If an aggressive body (usually calling itself a State) wishes to change the buying/selling habits of its subjects (really, victims) it usually can do so easily enough given its power, but unless it changes all of their habits (to do which it would have to put them in gulags basically. Not that I would put this above our elites) its aggression will introduce economic distortion. In the case of secretly-managed fiat currency, I think Rothbard explains very well how this causes the boom-bust cycle that is so wasteful of capital vis-a-viz consumer desires. In the more appealing case of a constantly-inflated gold-convertible currency, assuming we can trust the central bank (which is non-trivial concern!), we still have the problem of how the newly-created money is to be distributed (remember that it is procured through a tax!), and why it's even necessary in the first place. It's not as if the only money one can invest has to have been inflated from one's original savings.


(02-18-2012 03:43 PM)tenderman100 Wrote:  
(02-18-2012 01:45 PM)RebelLibertarian Wrote:  In a truly free society, there would be competing medims of exchange advertised by their managers for quality and difficulty of counterfeiting. In practice, the efficiency of the *pure* market system (As distinct from the crony crapitalism we now suffer under as from pure socialism!) would ensure that these coins or banknote certificates for precious metals were completely backed by precious metals and thus subject to no inflationary conjuring.

This isn't a vision of a free society...it's a vision of a society in economic chaos -- of a different kind than we have now, granted, but still chaotic.

The market is chaotic.
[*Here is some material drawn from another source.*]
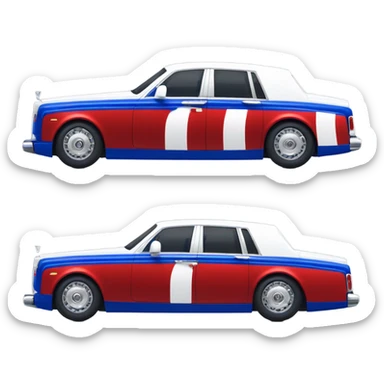 Red white and blue Rolls-Royce sticker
If you're disposed to buy an AR-15 rifle, say, would you feel more comfortable with a single State-owned company, or a mass of competitors? In the former case (unless its products were subsidized by the taxpayer, which I think we can agree would be immoral as well as economically undesirable), you would have to do almost no research into calibers, barrels, uppers, lowers, handguards, rails, pistol grips, stocks, &c., but no doubt you would not get the best quality/price ratio in your weapon. In procuring my AR-15, I had to spend a great deal of time researching it but got a more accurate, reliable, and hard-hitting weapon than those advertised by mainstream companies.


(02-18-2012 03:43 PM)tenderman100 Wrote:  The first step has to be not debt liquidation but true asset writedown. And the assets that have to be written down? Bank assets. Once that happens the dollars that are ostensibly in the system AGAINST those assets have to be booked as decreases in capital. What we should be doing in undertaking a orderly write down of these assets -- every body takes turns and we methodically re-value. By the way this goes for the Fed, too.

This isn't a bad idea. I'd prefer an orderly phase-out of the Federal Reserve Note at the Fed and allowing the market to liquidate/write down/&c. companies' debts as the market decides they should be.